• What you need to do:
The material below has pictures in it. Set down only the lines from the line containing "White Aura Personalised" through the line containing "新古典实木雕花描金布艺单人休闲椅下载", word for word, and leave the pictures behind.

(Entries supplied)

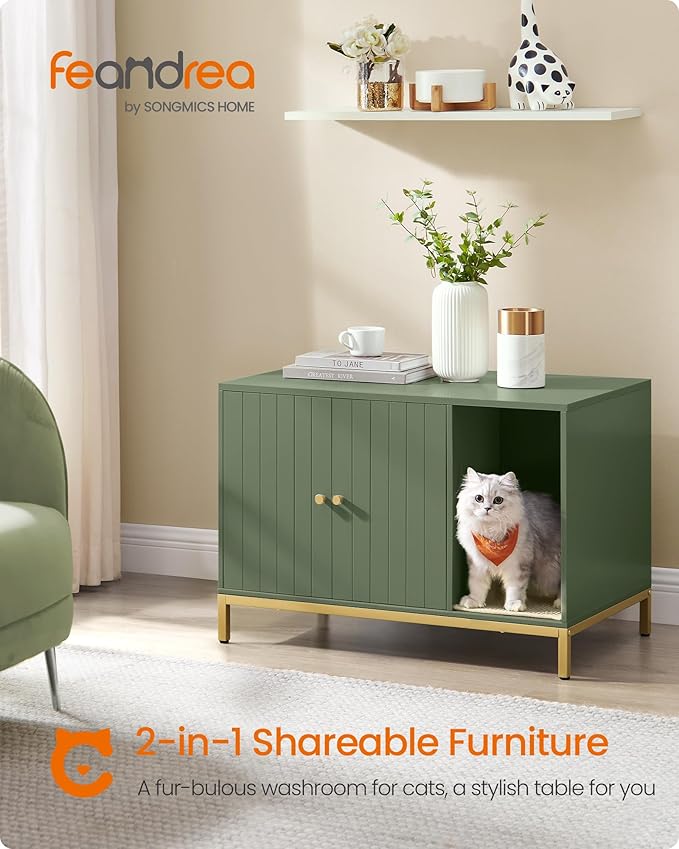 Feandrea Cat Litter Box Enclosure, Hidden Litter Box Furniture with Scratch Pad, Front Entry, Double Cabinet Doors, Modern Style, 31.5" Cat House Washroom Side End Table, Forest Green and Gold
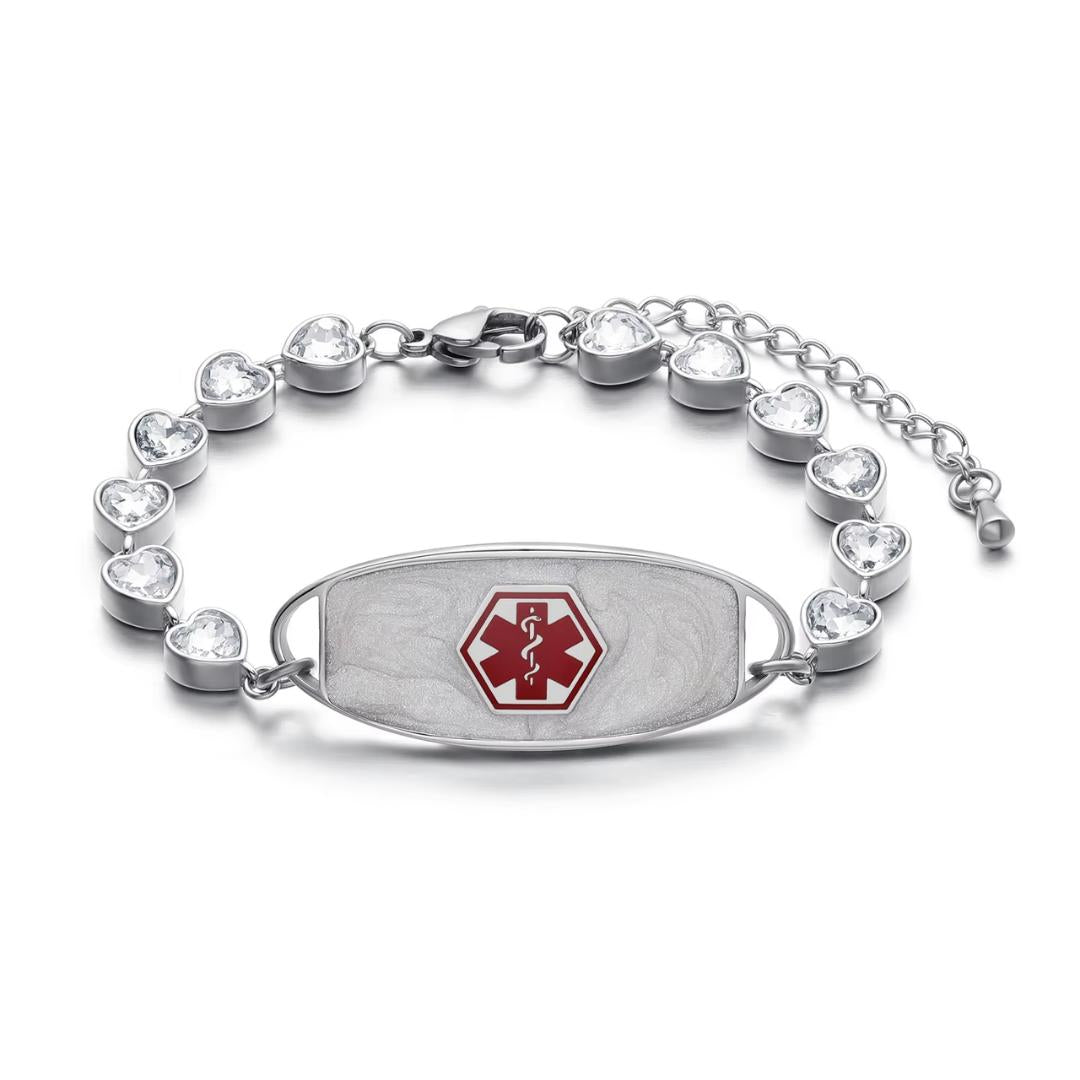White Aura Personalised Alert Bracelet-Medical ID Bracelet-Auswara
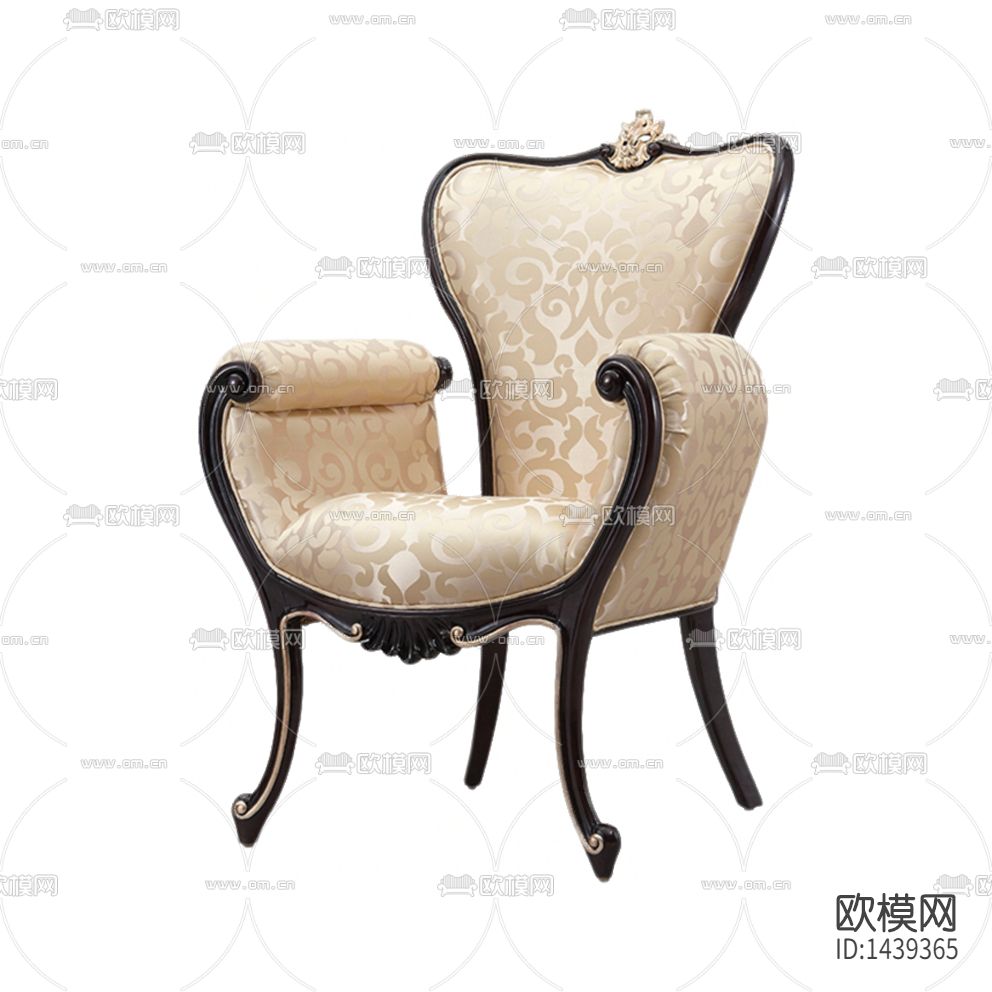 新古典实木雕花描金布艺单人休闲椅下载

(End Entries supplied)
(Entries supplied)

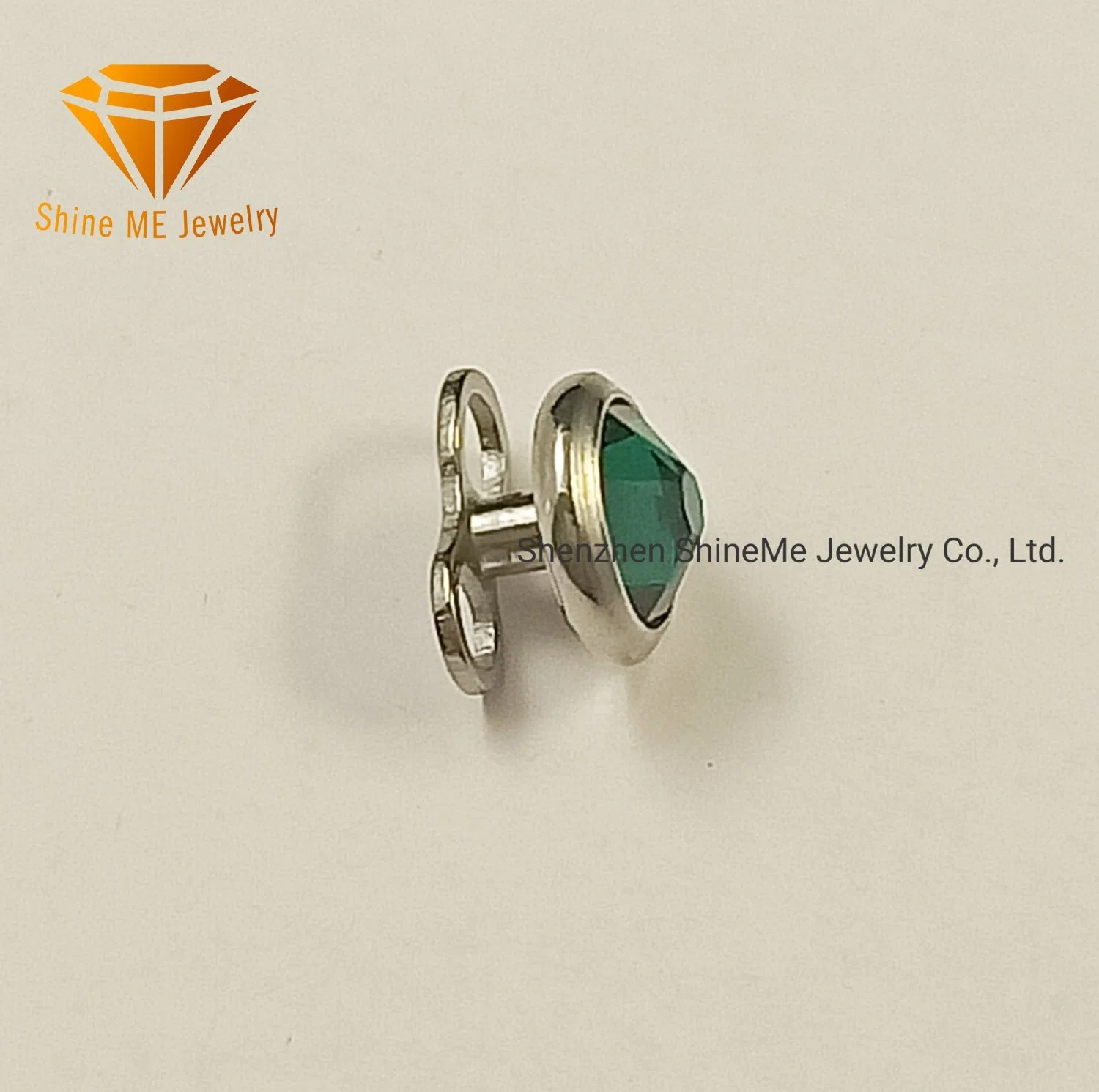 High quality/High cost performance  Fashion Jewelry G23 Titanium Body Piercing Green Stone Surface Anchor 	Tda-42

(End Entries supplied)

• Solution for this exercise:
White Aura Personalised Alert Bracelet-Medical ID Bracelet-Auswara
 新古典实木雕花描金布艺单人休闲椅下载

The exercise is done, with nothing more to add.